[Input data]

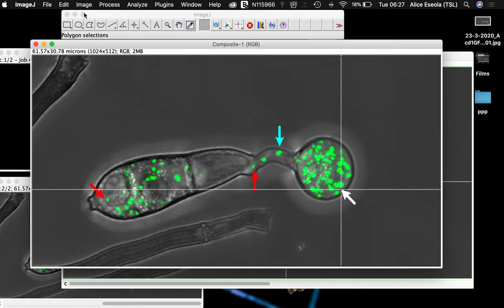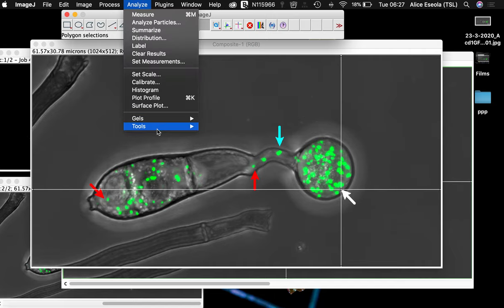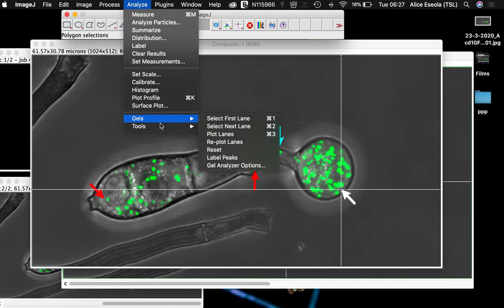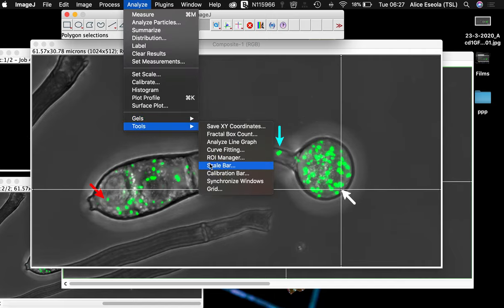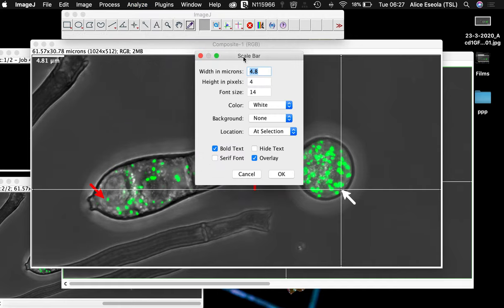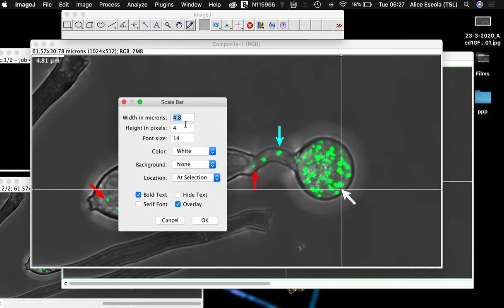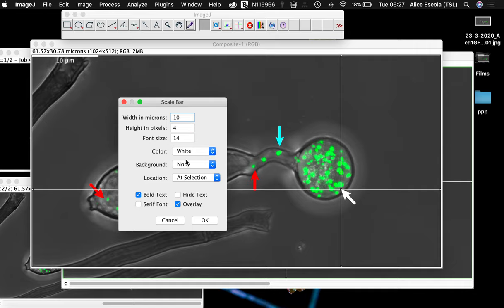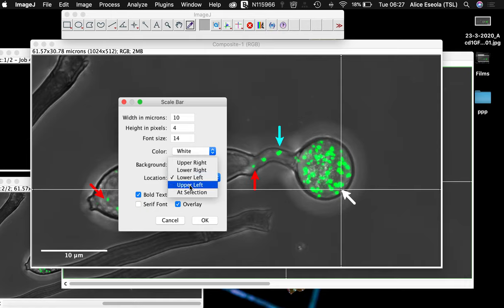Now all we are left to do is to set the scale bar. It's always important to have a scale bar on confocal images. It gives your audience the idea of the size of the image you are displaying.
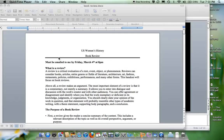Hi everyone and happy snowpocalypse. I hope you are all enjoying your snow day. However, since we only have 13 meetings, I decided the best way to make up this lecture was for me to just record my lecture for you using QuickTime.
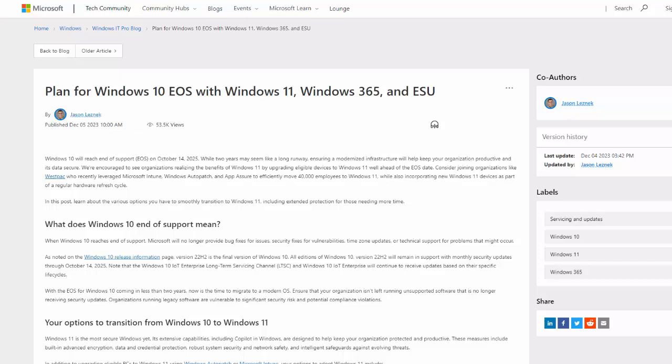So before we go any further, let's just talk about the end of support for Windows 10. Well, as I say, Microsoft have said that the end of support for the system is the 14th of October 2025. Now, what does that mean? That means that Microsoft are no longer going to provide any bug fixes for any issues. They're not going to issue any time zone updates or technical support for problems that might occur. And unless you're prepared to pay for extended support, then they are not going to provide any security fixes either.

[/Input data]

:: Brief ::
Please retype the data exactly. The pictures do not go in.

:: Solution below ::
Now all we are left to do is to set the scale bar. It's always important to have a scale bar on confocal images. It gives your audience the idea of the size of the image you are displaying.
Hi everyone and happy snowpocalypse. I hope you are all enjoying your snow day. However, since we only have 13 meetings, I decided the best way to make up this lecture was for me to just record my lecture for you using QuickTime.
So before we go any further, let's just talk about the end of support for Windows 10. Well, as I say, Microsoft have said that the end of support for the system is the 14th of October 2025. Now, what does that mean? That means that Microsoft are no longer going to provide any bug fixes for any issues. They're not going to issue any time zone updates or technical support for problems that might occur. And unless you're prepared to pay for extended support, then they are not going to provide any security fixes either.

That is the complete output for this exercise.